• Problem to solve:
For the entries below, copy exactly the line that contains "Brown Babbler" through the line that contains "清满园可以和叶面肥混合用吗", both ends included, and exclude all pictures.

• The input:
§ §

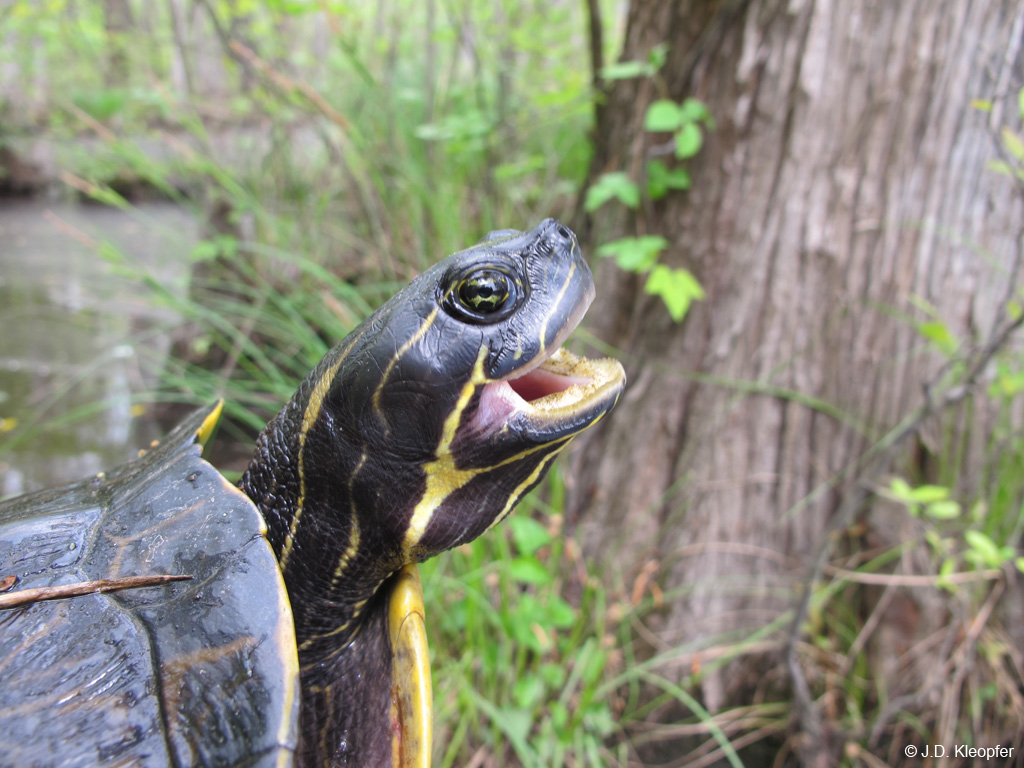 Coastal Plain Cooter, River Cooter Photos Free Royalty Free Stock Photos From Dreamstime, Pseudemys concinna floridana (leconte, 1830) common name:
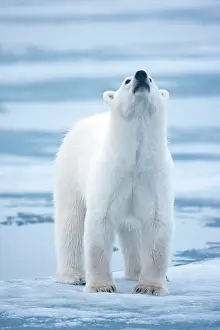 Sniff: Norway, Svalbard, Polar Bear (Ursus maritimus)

§ §

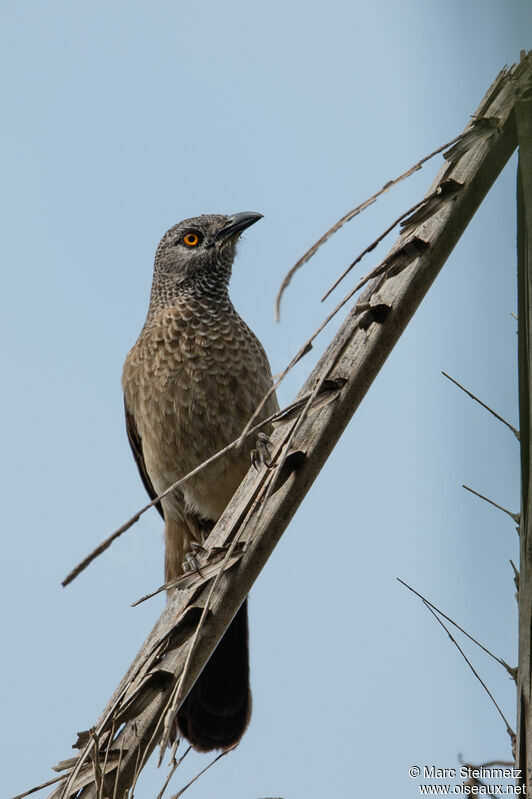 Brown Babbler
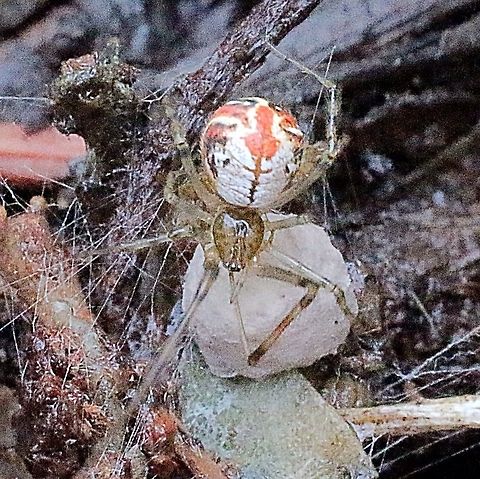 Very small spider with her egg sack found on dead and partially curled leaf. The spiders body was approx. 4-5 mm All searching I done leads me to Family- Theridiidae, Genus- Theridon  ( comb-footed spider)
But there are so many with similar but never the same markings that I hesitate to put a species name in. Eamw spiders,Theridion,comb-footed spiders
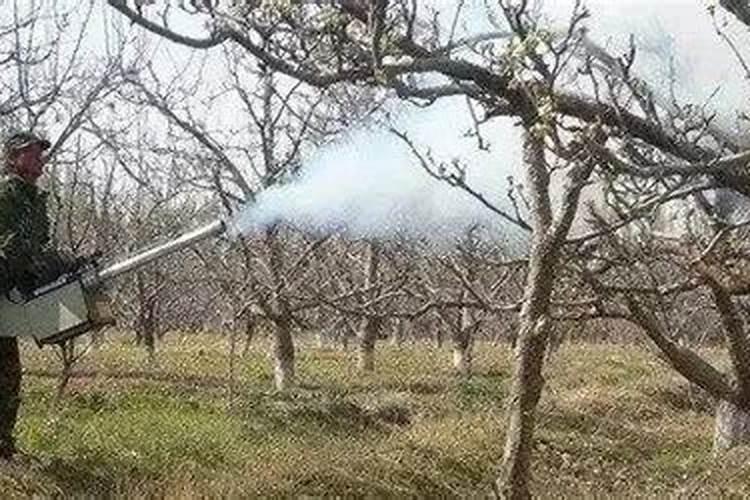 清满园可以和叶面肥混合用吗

§ §

• Response area:
 Brown Babbler
 Very small spider with her egg sack found on dead and partially curled leaf. The spiders body was approx. 4-5 mm All searching I done leads me to Family- Theridiidae, Genus- Theridon  ( comb-footed spider)
But there are so many with similar but never the same markings that I hesitate to put a species name in. Eamw spiders,Theridion,comb-footed spiders
 清满园可以和叶面肥混合用吗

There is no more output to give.